OF, I feel the same way about holiday ties - that's a beautiful one. 

LFed, handsome looking new shoes.


----------



## WillBarrett (Feb 18, 2012)

Wish there was a way I could wear a tie at Thanksgiving without drawing the ire of the rest of the family, my darling wife excepted.


----------



## orange fury (Dec 8, 2013)

WillBarrett said:


> Wish there was a way I could wear a tie at Thanksgiving without drawing the ire of the rest of the family, my darling wife excepted.


Oh I fully expect to draw the ire of certain parties at thanksgiving, but you probably guess how great my concern is lol. Honestly I think my family has come to expect it at least.

besides, that's my birthday, they can deal lol.


----------



## orange fury (Dec 8, 2013)

Another new tie in time for fall, vintage Lands' End this time:
https://s276.photobucket.com/user/o...9-4554-8FD6-07408AAC2B82_zps9xex5nm0.jpg.html


----------



## Pentheos (Jun 30, 2008)

For me, 3 BB OCBDs (white, pink, blue-white u. stripe) and a Seiko SKX009 on rubber.


----------



## Nobleprofessor (Jul 18, 2014)

Footjoy Tassel loafers:

URL=https://s1382.photobucket.com/user/dhsnook/media/Mobile%20Uploads/image_zpsb35659e3.j[/URL]

I love these shoes! And I should because I think this makes 4 pair. I really need to find these in other colors. I would really like Burgundy, brown, cognac, etc. Anything other than black. Still I love them. Got them off the 'bay for a song at least compared to what these often sell for.

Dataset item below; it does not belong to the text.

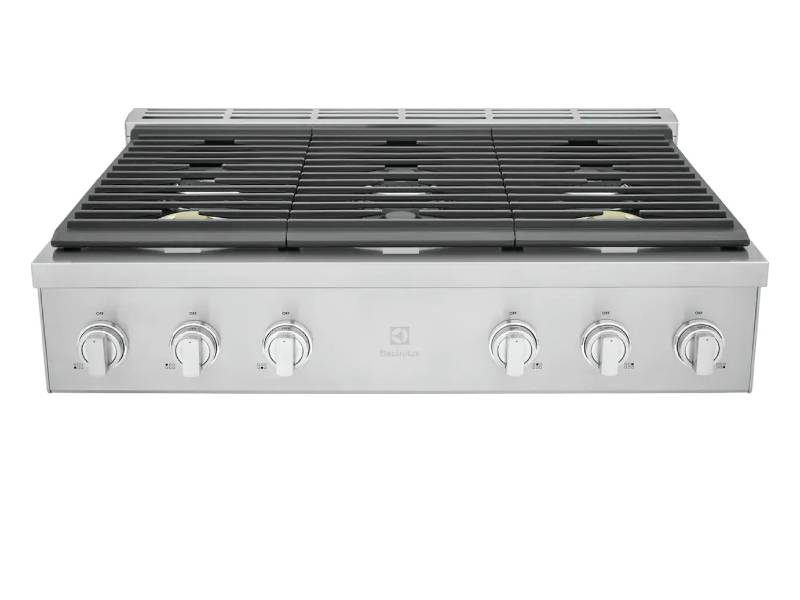 36" Electrolux Rangetop with 6 Sealed Burners in Stainless Steel - ECCG3672AS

if anyone has these in 11.5C or 11.5D in a color other than black, please let me know. I'm a buyer!


----------



## Nobleprofessor (Jul 18, 2014)

My other purchase this month:

Alden Shell Tassels 



They look pretty good after some serious brushing and elbow grease. The picture makes them look darker than they are. The almost look like cigar brown. These are also the shoes that have caused me such a dilemma about whether to have Alden restore them. They have a soft spot in the sole and the welt is cracked in one spot and starting to separate .


----------



## orange fury (Dec 8, 2013)

You guys are awful, awful influences. Why? Because these showed up on my doorstep tonight:

https://s276.photobucket.com/user/o...B-4C01-82CC-38A20FB4FF02_zpsbzj3l1yo.jpg.html

got these during the 3/$220 sale and used the double corporate discount to get them at $180 after tax/shipping. They're the Extra Slim fit in 15x34- the two problems I have with them are that they fit flawlessly, and now I don't want to buy an OCBD from anyone else ever again.

So thanks for giving me a taste for expensive shirts :tongue2:. Looks like I'll be waiting with bated breath for the 4/$200 deal...


----------



## Spin Evans (Feb 2, 2013)

Welcome to the dark side!


----------



## Duvel (Mar 16, 2014)

Bra ha ha!!!

But I know what you mean. Once you go Brooks...


----------



## Fading Fast (Aug 22, 2012)

Just the feel of the fabric out of the bag makes it worthwhile, as well as, that perfect BB OCBD blue. I didn't buy this round, but I thought they were 3 for $180 for everyone, cause I checked, looked in my closet and said "no, I have too many already," but would have sworn the price was 3 for $180 on sale before any corporate discounts? 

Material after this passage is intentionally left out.